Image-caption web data

▽

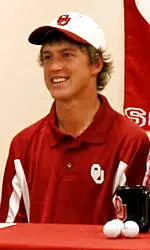 Men's Golf Signs Three Recruits for 2012-13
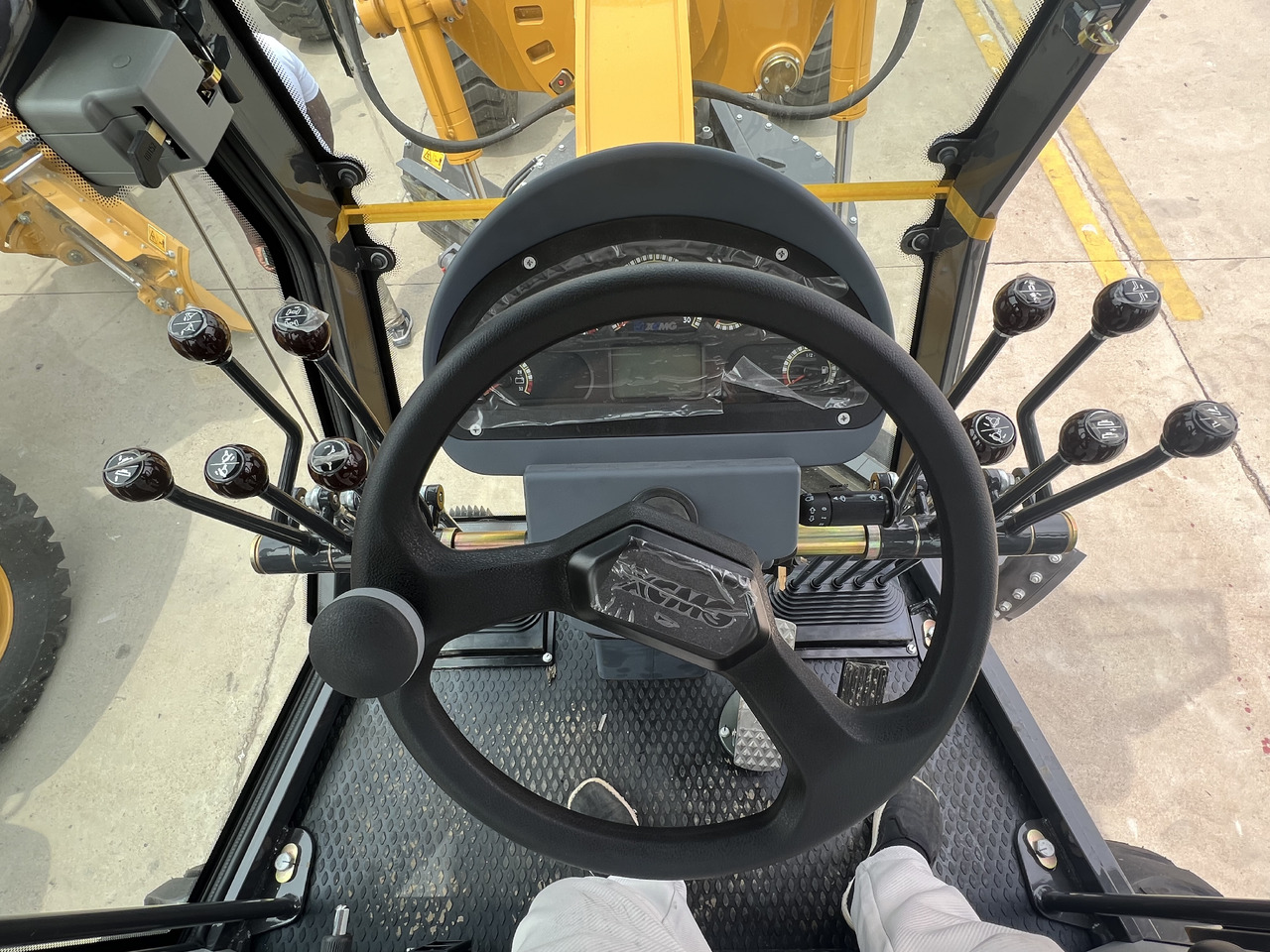 XCMG GR215 - Grader: foto 3 XCMG GR215 - Grader: foto 3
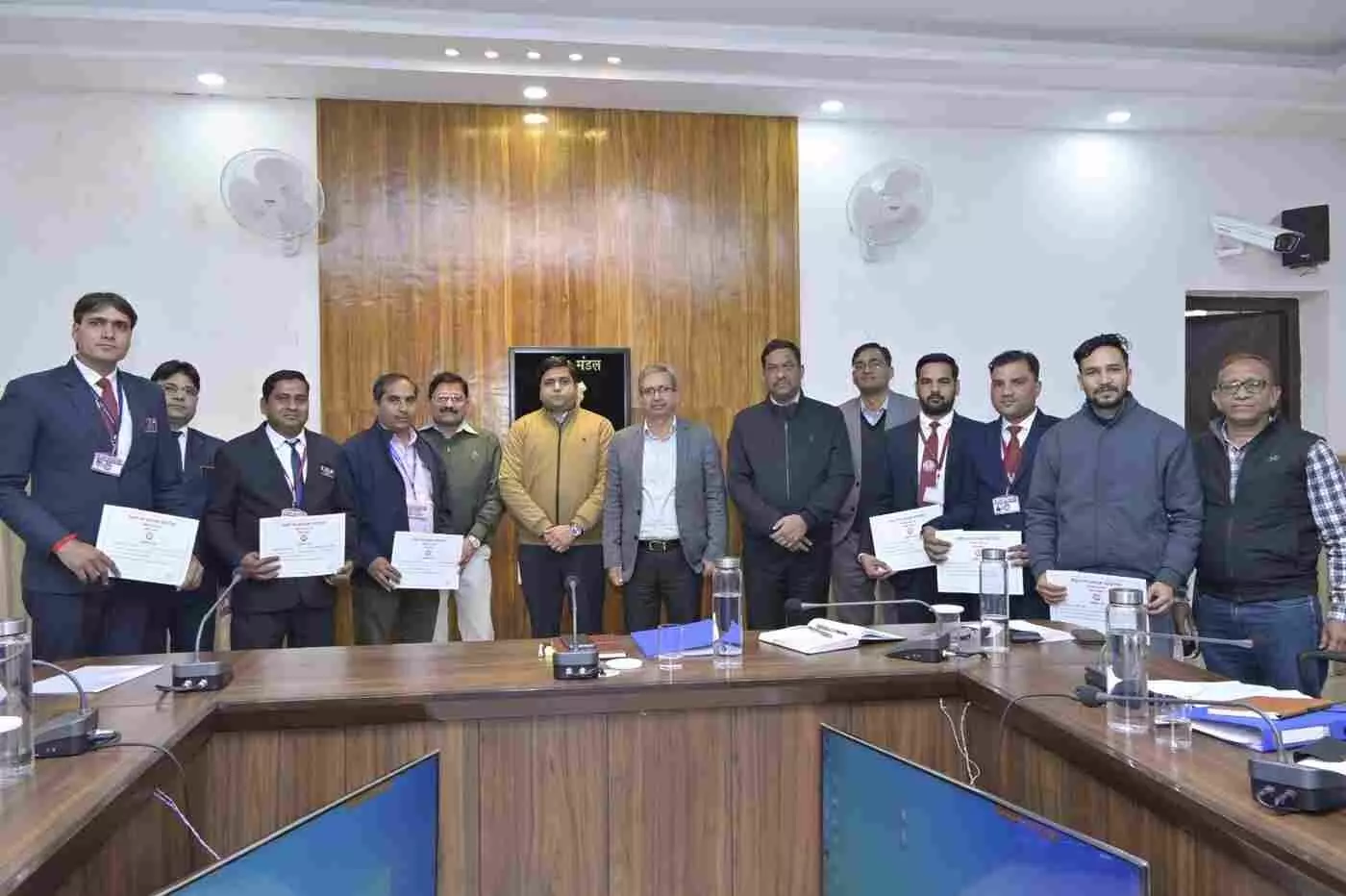 कोटा में जांबाज रेलकर्मियों ने टाला बड़ा हादसा, डीआरएम ने 15 रेल दूतों को सम्मान से नवाजा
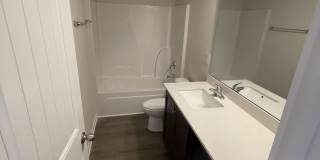 3 Bd 2.5 Ba Townhome Gallery 1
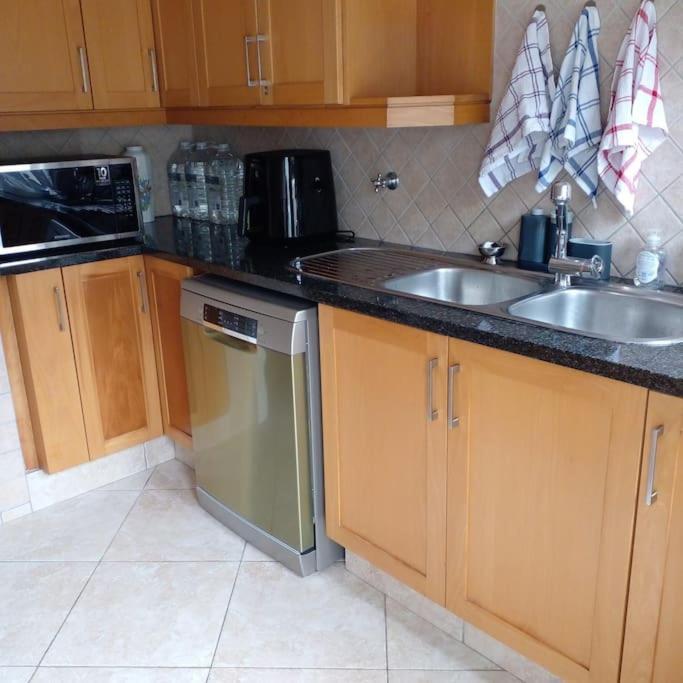 Elgin Townhouse-excellent Location Apartment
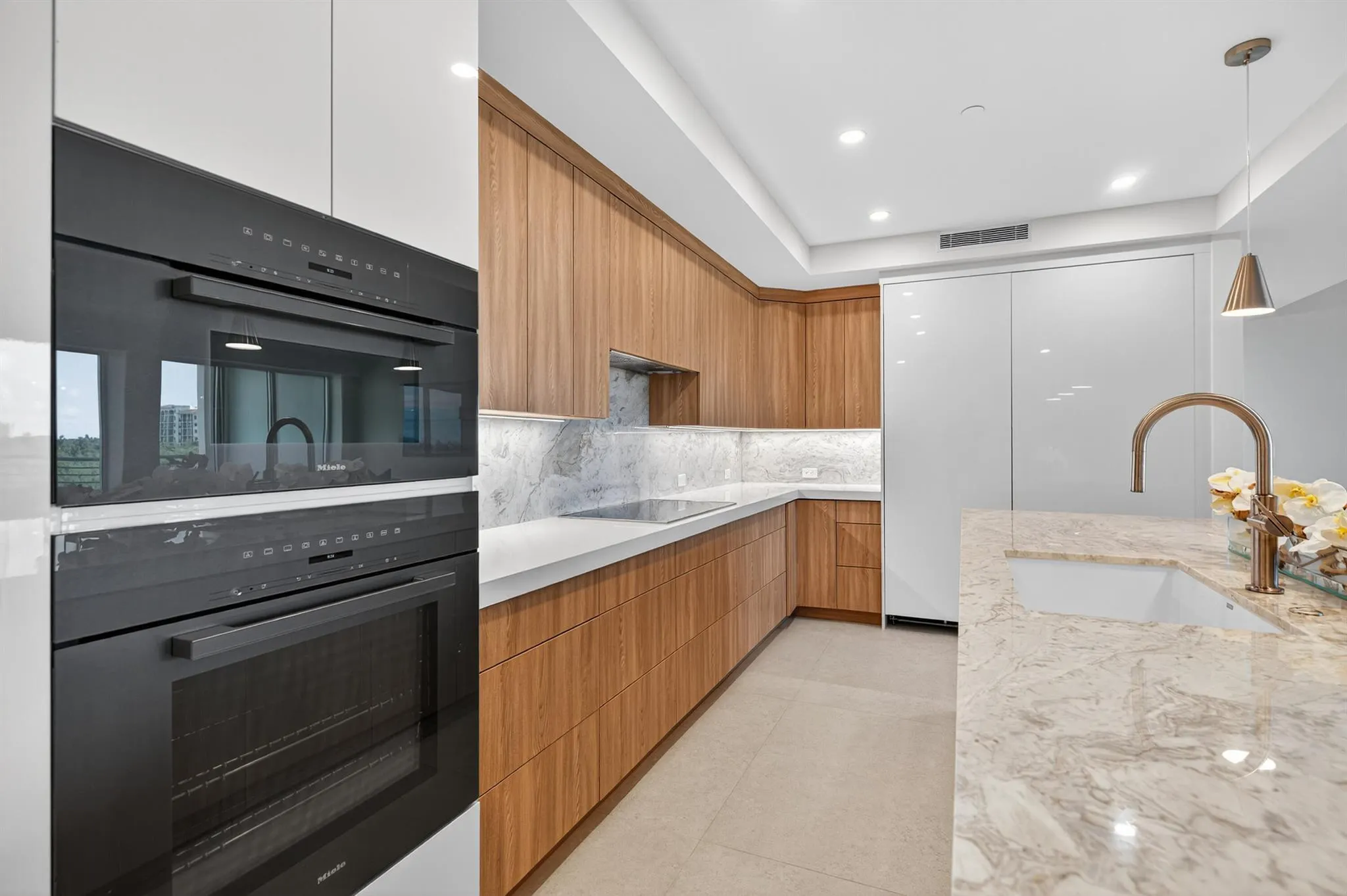1 S Coastal Way, #303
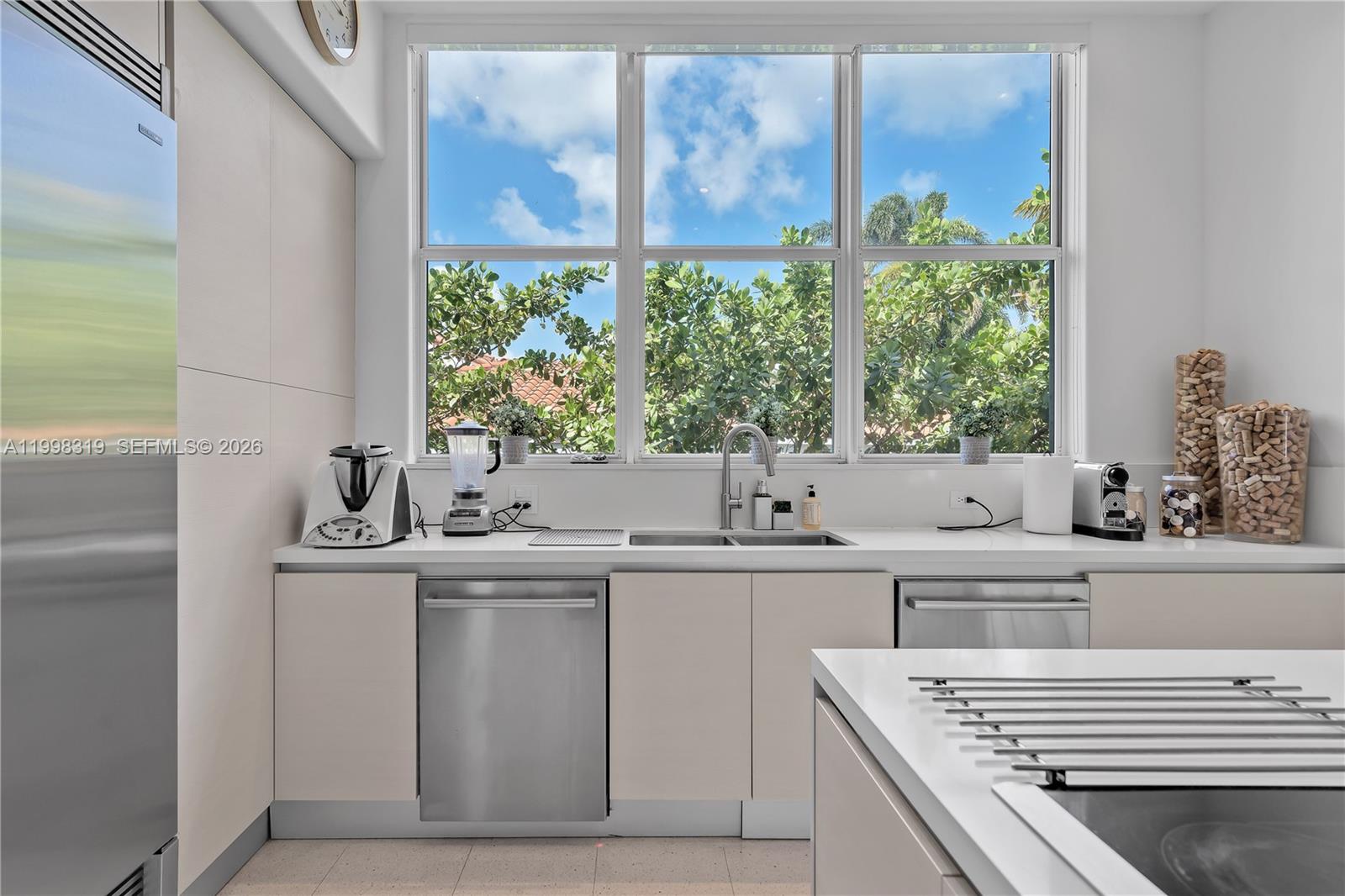 435 Hampton Lane Key Biscayne, FL 33149 - Photo 27 of 60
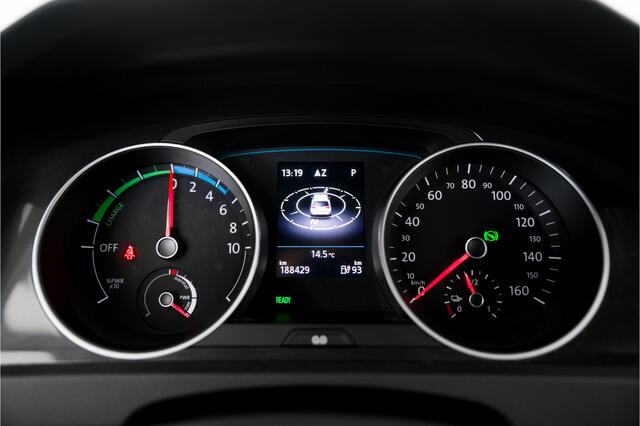 Volkswagen e-Golf e-Golf Warmtepomp apple carplay Climatcontrol Camera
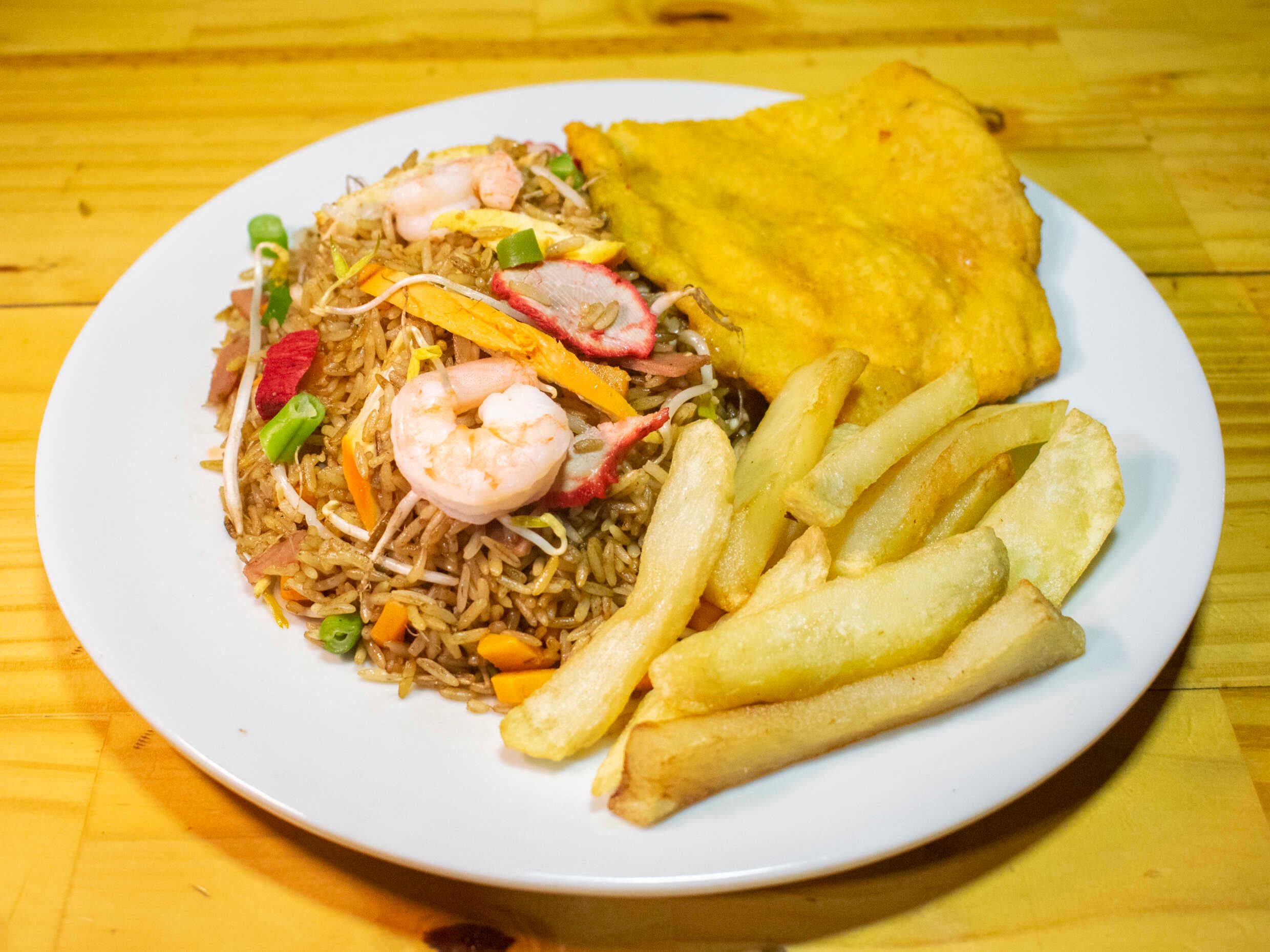 Arroz, Chuleta y Papas.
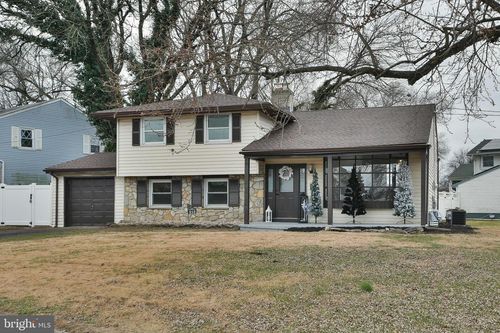 212 E Franklin Ave, Edgewater Park, NJ, 08010-1806 | Card Image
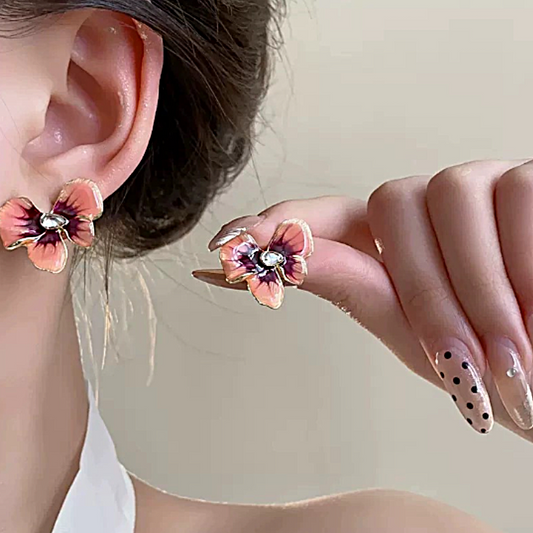 Schmetterlingsküsse Ohrringe Federica Zarte Florale Ohrringe Mit Elegantem Femininen Stil Und Feinem Metallglanz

△

**Your assignment:** Go through the entries above and write them out again exactly, images left behind.

**Exercise result:**
 Men's Golf Signs Three Recruits for 2012-13
 XCMG GR215 - Grader: foto 3 XCMG GR215 - Grader: foto 3
 कोटा में जांबाज रेलकर्मियों ने टाला बड़ा हादसा, डीआरएम ने 15 रेल दूतों को सम्मान से नवाजा
 3 Bd 2.5 Ba Townhome Gallery 1
 Elgin Townhouse-excellent Location Apartment
1 S Coastal Way, #303
 435 Hampton Lane Key Biscayne, FL 33149 - Photo 27 of 60
 Volkswagen e-Golf e-Golf Warmtepomp apple carplay Climatcontrol Camera
 Arroz, Chuleta y Papas.
 212 E Franklin Ave, Edgewater Park, NJ, 08010-1806 | Card Image
 Schmetterlingsküsse Ohrringe Federica Zarte Florale Ohrringe Mit Elegantem Femininen Stil Und Feinem Metallglanz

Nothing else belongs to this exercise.